LISTED ENTRIES Block Start

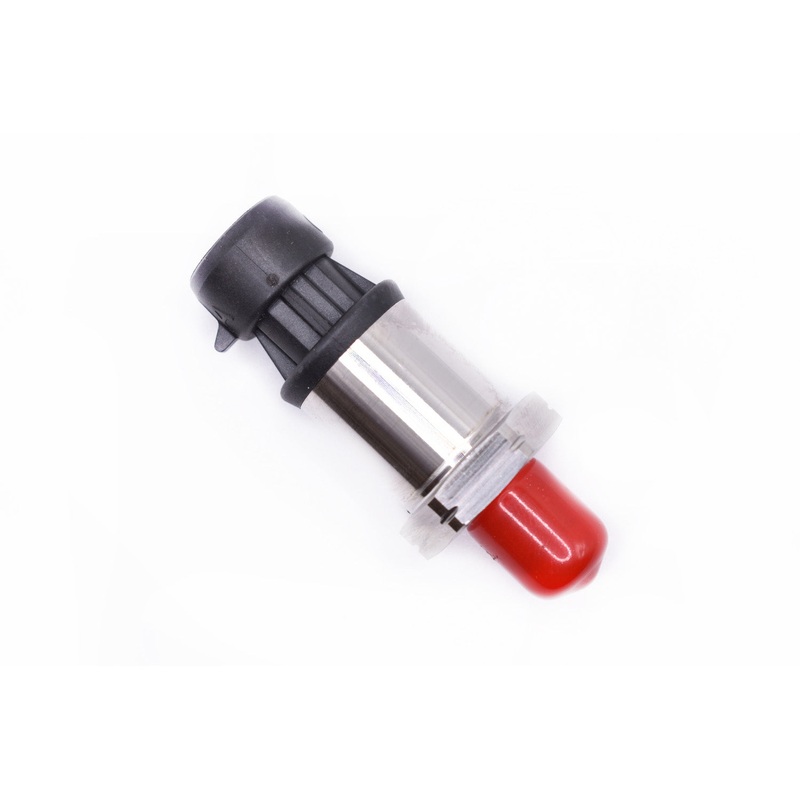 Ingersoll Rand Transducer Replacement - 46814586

LISTED ENTRIES Block End
LISTED ENTRIES Block Start

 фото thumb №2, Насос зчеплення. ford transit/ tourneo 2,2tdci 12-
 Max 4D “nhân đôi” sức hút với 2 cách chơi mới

LISTED ENTRIES Block End

▶ **ABOUT THIS EXERCISE**:
Working from the data above, extract solely the lines from the one containing "фото thumb №2, Насос" through the one containing "cách chơi mới", exactly as they appear, both included.

▶ **RESPONSE**:
 фото thumb №2, Насос зчеплення. ford transit/ tourneo 2,2tdci 12-
 Max 4D “nhân đôi” sức hút với 2 cách chơi mới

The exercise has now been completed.